The only feature I can see no cell reception affecting in the msg display. From the quick browse of the user manual the rest runs off an actual GPS. I agree some of the stuff does seem a bit gimmicky, but aye cool bit of innovation.



snowklinger said:


> if I can play Legend of Zelda on my goggles on the chairlift, I'm in.


I'm sure some kind of mod will be made ahahaha


----------



## snowklinger (Aug 30, 2011)

sweet I'm gonna get all fucken wasted on the lift, not get off, and film myself with my gopro for like 20 days and make a rad edit of Zelda goggle ownage.


----------



## Sassicaia (Jan 21, 2012)

I have read anything official from Oakley saying this is compatible with go pro.
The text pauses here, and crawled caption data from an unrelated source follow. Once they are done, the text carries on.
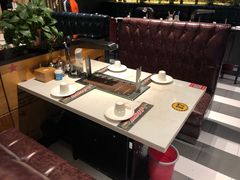 大堂-AK47烤羊腿串吧(柳浪家园店)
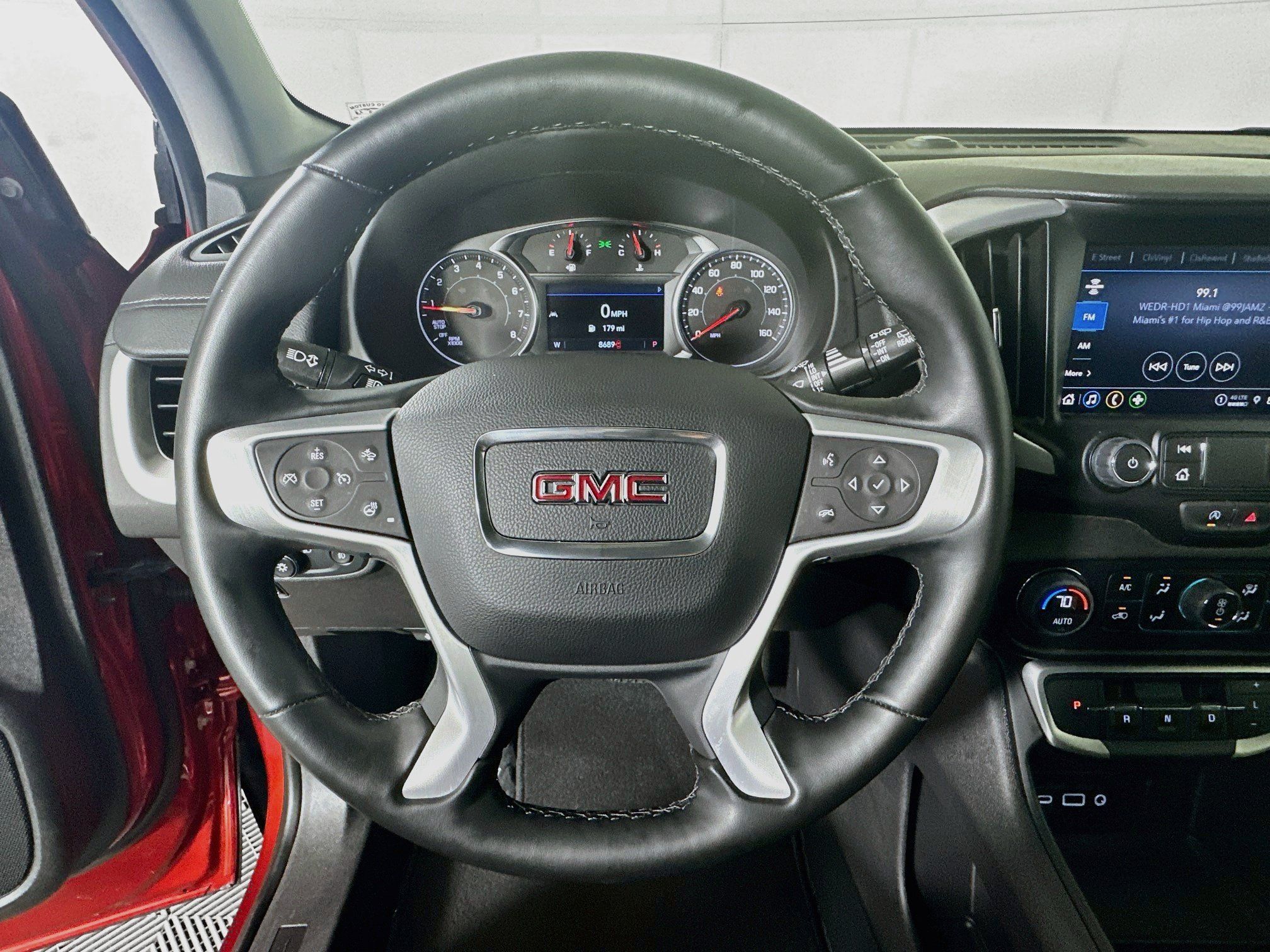 Used 2024 GMC Terrain SLT AWD/4WD image 15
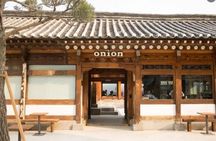 Seoul: Bukchon Hanok Village Walking Tour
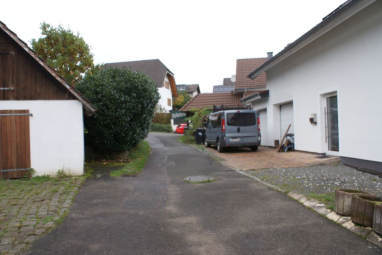 Reihenhaus, Kfz-Stellplatz, Einfamilienhaus, Altbau ehem. landw. Gebäude in mäßigem Zustand in Nümbrecht - Bild 3
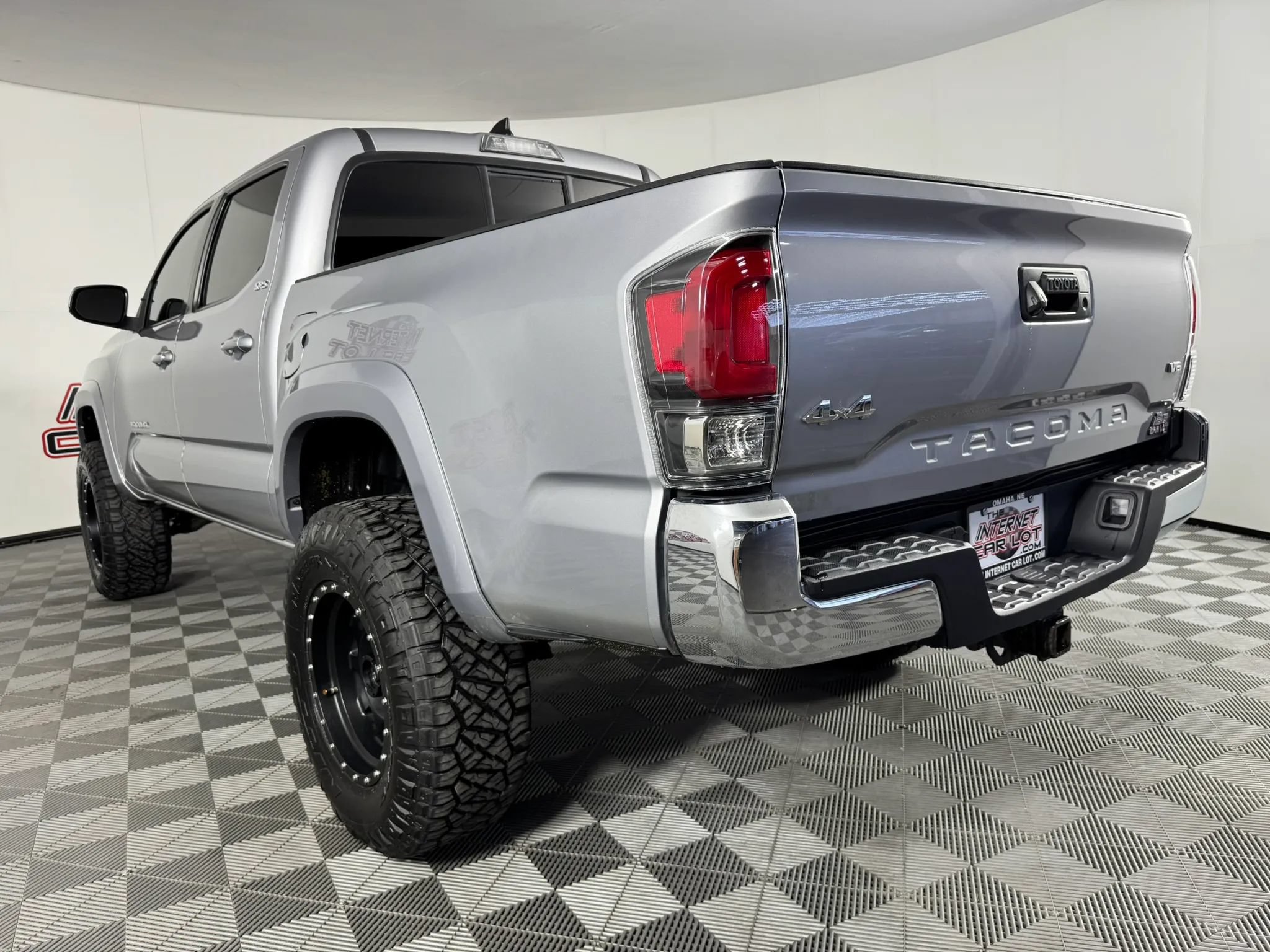 Used 2016 Toyota Tacoma SR5 w/ SR5 Appearance Package (SN) AWD/4WD image 24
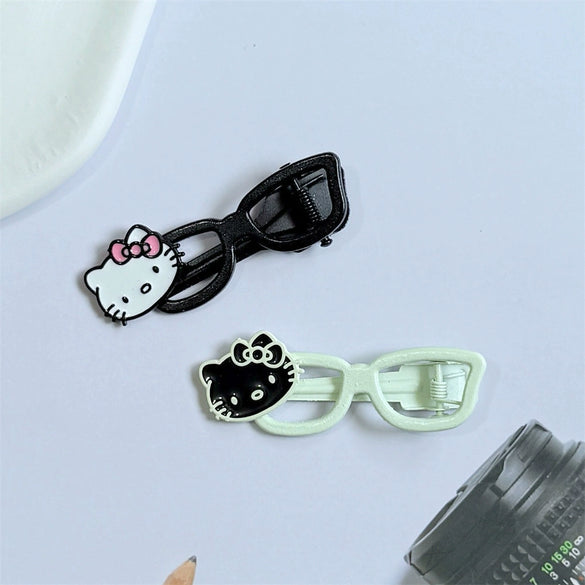 Women's Handmade Mixed Materials Heart Fashion Cartoon Bangs Hair Clip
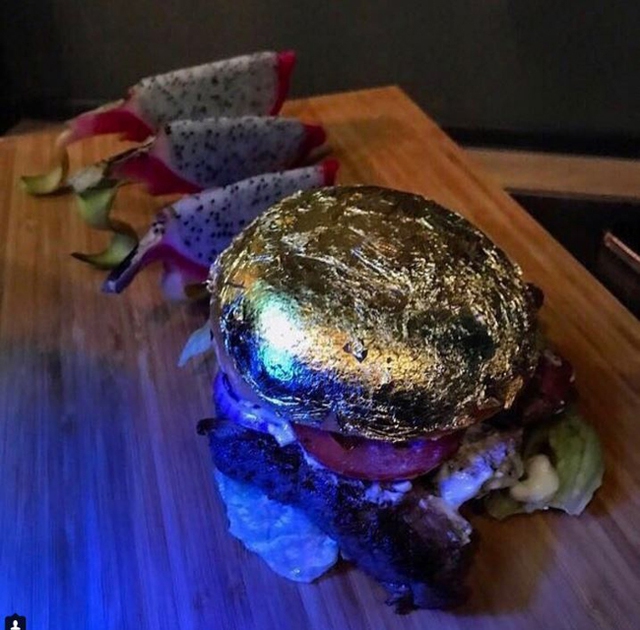 
B&aacute;nh burger phủ v&agrave;ng.
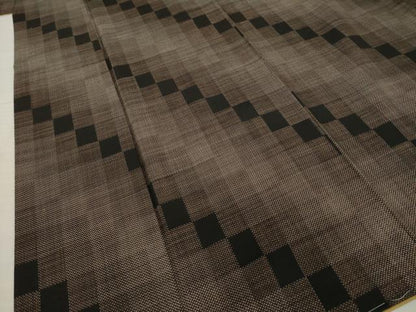 平和屋着物●本場大島紬　一元7マルキ　幾何学文様　正絹　逸品　未使用　AABJ1492ck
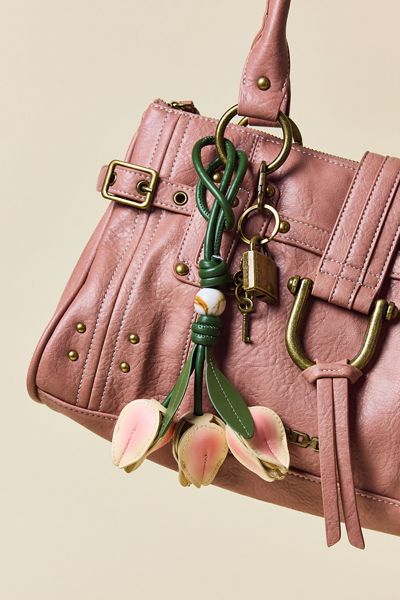 Breloque de sac bouquet de fleurs en simili cuir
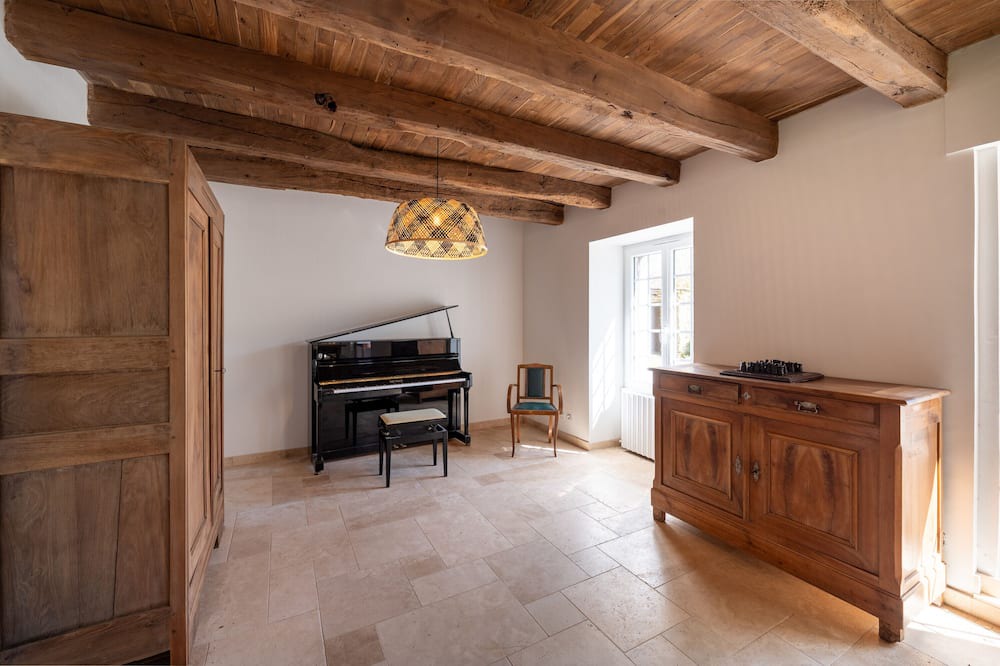 Limerzel House | Holiday Home 'Bois De Roz' with Private Terrace and Private Garden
Can anyone confirm?


----------



## DIESEL (Nov 26, 2012)

Oakley Airwave Snow Goggle available at the online Oakley Store

Sick goggles, $600 price-tag though.. I guess that's the cost of wanting to play Legend of Zelda on the chairlift.. drunk.. hahaha. Insane goggles though if anyone's willing to drop that kind of cake for them


----------



## Jed (May 11, 2011)

Such a huge waste of money.

You'll use the stat tracking once before you realize it's a novelty that you don't care about.

Most of the features just seem gimmicky or a useless distraction if you're actually focusing on snowboarding.

Cool idea and it's a start, but in it's current form it's looks pretty useless, especially for a $500 premium over other goggles.


----------



## Sassicaia (Jan 21, 2012)

Here is what sucks about these goggles. You can only get them with either black iridium, or fire iridium. Both of those lenses are for bright sunny days only. So basically these $600 googles are useless for overcast, snowing, or night riding. 

Also after scouring the interwebs there is no confirmed info that the on board screen will allow you to connect and view a camera device like go pro. Basically as far as I can tell its only a rumor. 

For now you are better off downloading the Alpine Pro app which tracks all the stats the airwave does and only costs 2 or 3 bucks. 

My review of this thing is that its a great idea with shitty implementation. Fail.

Oh...and you have only two frame choices...black and something shaun white would wear.


----------



## seriouscat (Jan 23, 2012)

If you really want them, they are not limited to Oakley. Smith/zeal has the ready to ride versions like Oakley. They also sell the system alone for $450. There's half a dozen recon ready googles out there.

Both io recon and the system can be bought at MEC.


----------



## scotty100 (Apr 3, 2012)

I heard the Smith version was better from a display perspective and that the goggle lens has superior peripheral field:

Smith Products | SmithOptics.com

Looks pretty gimmicky to me although could be useful from a safety perspective if you are way off the grid...

To me the best innovation in goggles this year is the Anon M1! Why is no one talking about the awesome magnet lens switch-out tech!! So good...:thumbsup:


----------